Un’altra udienza del processo per presunto stupro ai danni di Sara Tommasi che sarebbe accaduto durante la realizzazione del suo film hard

Il processo per il presunto stupro di cui sarebbe stata vittima Sara Tommasi durante la realizzazione del suo film hard è ripreso. Sono stati denunciati l’ex manager dell’attrice Federico De Vincenzo, gli attori Pino Igli Papale e Fausto Zulli, oltre al regista Alessandro Occhiobello, in arte Max Bellocchio, accusati di aver abusato di lei. Ma sul banco dei testimoni davanti ai giudici anche il neuropsichiatra Dott. Michele Sforza, colui che tra il 2011 ed il 2012 aveva visitato Sara quattro volte.  A conferma della tesi dell’abuso, il Dottore ha sostenuto che la Tommasi in quel periodo non stava bene, e ciò era percepibile da chiunque.

Psicosi, delirio e annucinazioni

Sforza parla di sintomi di psicosi, delirio, e allucinazioni visive ed uditive.

Anche Stefano Ierardi, l’uomo che nel 2013 era legato sentimentalmente a Sara Tommasi, ha testimoniato e ha parlato di un rapporto burrascoso tra Sara e l’imputato ed ex manager Federico De Vincenzo.

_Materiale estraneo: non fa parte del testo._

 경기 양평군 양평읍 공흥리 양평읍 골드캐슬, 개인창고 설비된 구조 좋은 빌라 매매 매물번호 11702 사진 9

Il prossimo passaggio sarà l’udienza del 25 novembre, quando verrà ascoltato il produttore del film hard in questione, Giuseppe Matera. L’uomo, come riporta l’Ansa: “aveva chiesto ed ottenuto il rito abbreviato, condannato il 22 maggio del 2014 dal Gup del Tribunale di Salerno ad una pena di 2 anni e 10 mesi di reclusione per concorso in violenza sessuale per induzione”.

Già nella relazione illustrata dai periti nel 2015, si parlava di Sara come “una personalità borderline con una percezione di sé particolarmente instabile, aggravata da forti abusi di sostanze stupefacenti del tipo cocaina“.

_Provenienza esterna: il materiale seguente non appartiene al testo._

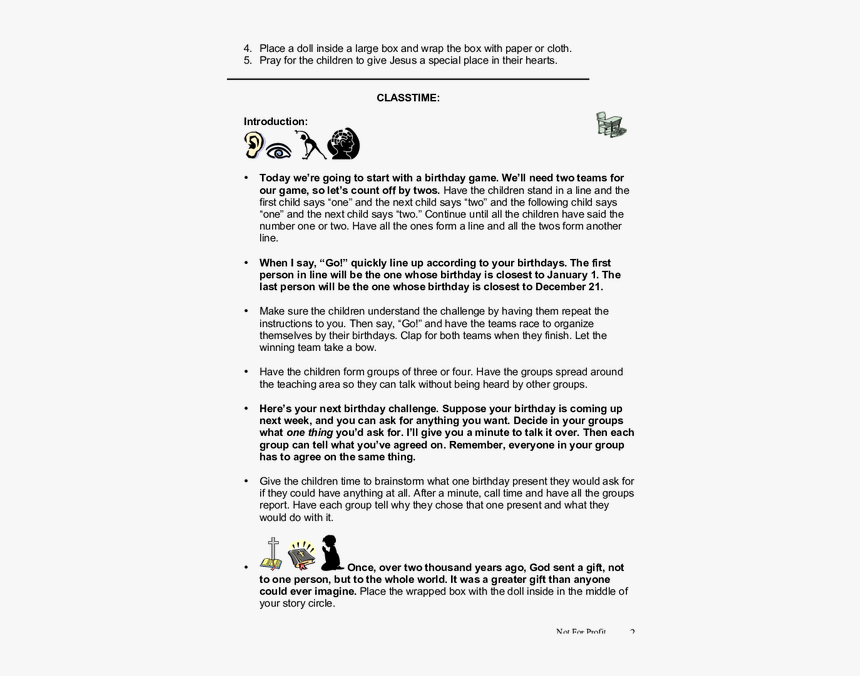 Document, HD Png Download, Free Download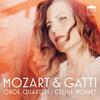 Mozart & Gatti - Oboe Quartets Mozart & Gatti - Oboe Quartets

Il prof. Antonello Crisci, specialista in neurologia, lo psichiatra Antonino Iaccarino e la psicologa forense Nicoletta Sansone, nel 2012, avevano tenuto dei colloqui psichiatrici con Sara Tommasi e che avevano evidenziato la gravità della situazione della showgirl.

Alcuni giorni dopo aver terminato le riprese relative al film hard, infatti, la Tommasi venne ricoverata con TSO all’ospedale Sant’Eugenio di Roma.